When we relaxed the instructions, telling the application to use its world knowledge whenever possible and only use sources when it couldn't support an argument from world knowledge, the groundedness score dropped to 82%. This indicates that our evaluation system is sensitive to changes that affect the reliance on sources.

We also tested different models for generating the answers in our RAG application. An older model, gpt-3.5-turbo, scored 75%, while a newer but cheaper model, gpt-4o-mini, scored 77%. The model we launched our product with about a year ago, gpt-4-turbo, scored 87%. These results demonstrate that our evaluation system can detect differences in groundedness between different models.
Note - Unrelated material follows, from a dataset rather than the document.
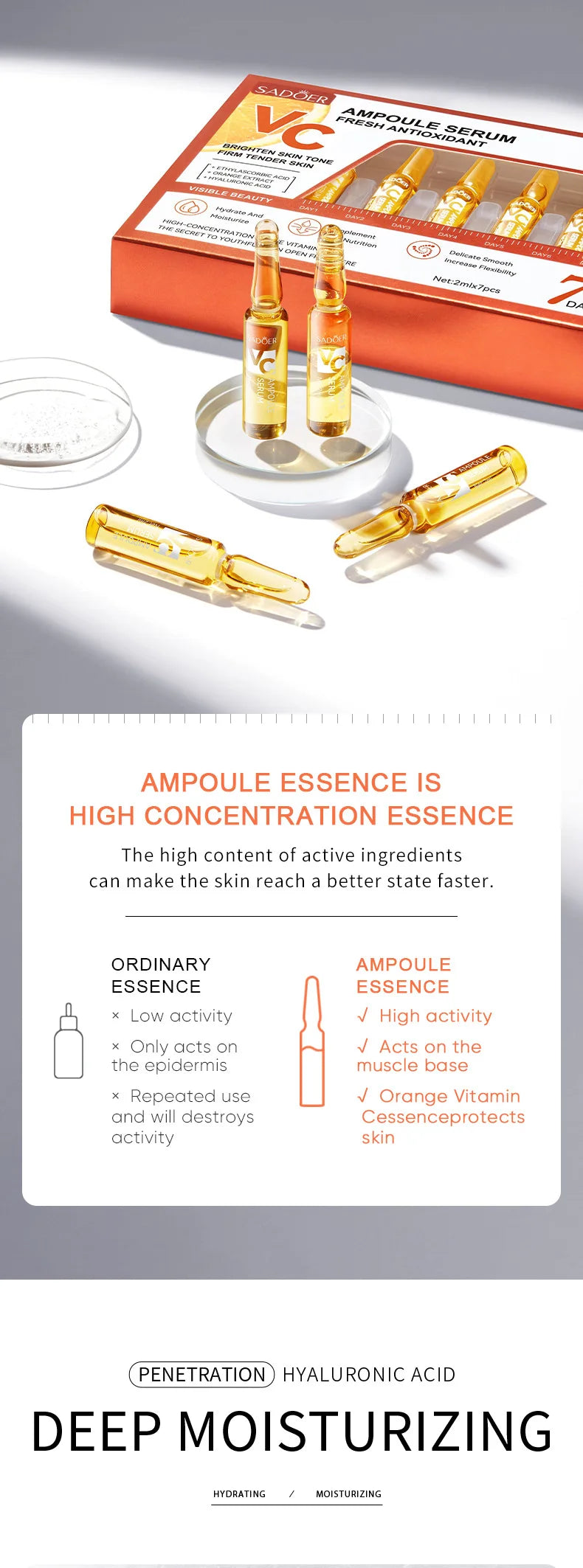 Sérum Ampoule Vitamine C – Éclat, Hydratation & Réparation Peau | Lissant & Unificateur de Teint | Soin Visage Skincare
Limitations and Future Work

While our automated groundedness evaluation system is a major improvement over manual evaluation, it does have some limitations. It is a very strict measurement and penalizes answers that attempt to extrapolate or predict from the sources. This may not always be desirable, especially if the goal is to provide more forward-looking insights.

There is also still some variance between runs, with scores shifting around 3-4 percentage points. However, this seems to be within an acceptable range, as the differences we observed from changing prompts and models were larger than this variance.
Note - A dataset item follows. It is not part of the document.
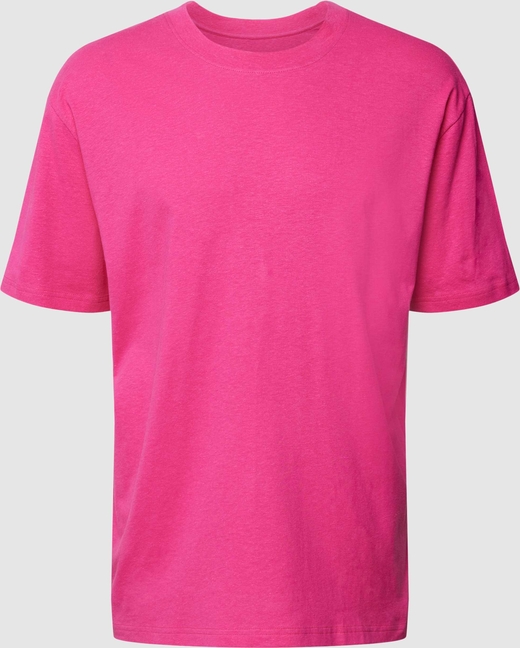 Różowy t-shirt Jake*s Studio Men w stylu casual z krótkim rękawem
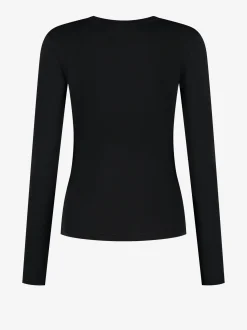 Geribbelde top met lange mouwen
Achieving 90% groundedness on our first measurement is a positive result in my book! It's also a bit tricky to sell because RAG is often sold as a solution to LLM hallucinations. If you've played with RAG systems, you know they are not immune to these problems. Telling leadership that 10% of the stuff the application produces is not well-grounded is problematic, but at least now we can measure it and potentially improve on that metric. Whether further improvements are necessary or even noticeable to users is an open question that we will continue to explore.

I would like to stress again that LLM-as-a-judge is a really powerful tool. We have good experience with LLM-based metrics for information retrieval relevance, answer relevance, and now groundedness, all performing very well for our needs.

Conclusion

We have developed a robust and efficient way to measure the groundedness of answers from our RAG application. This automated solution produces results comparable in quality to manual evaluation but in a fraction of the time. This tool allows us to confidently investigate new models, prompt changes, and other techniques for improving the groundedness of answers in our RAG application. While there's always room for improvement, this system represents a significant step forward in our ability to evaluate and enhance the reliability of our application.

This blog post was made with the help of Gemini Experimental 1206.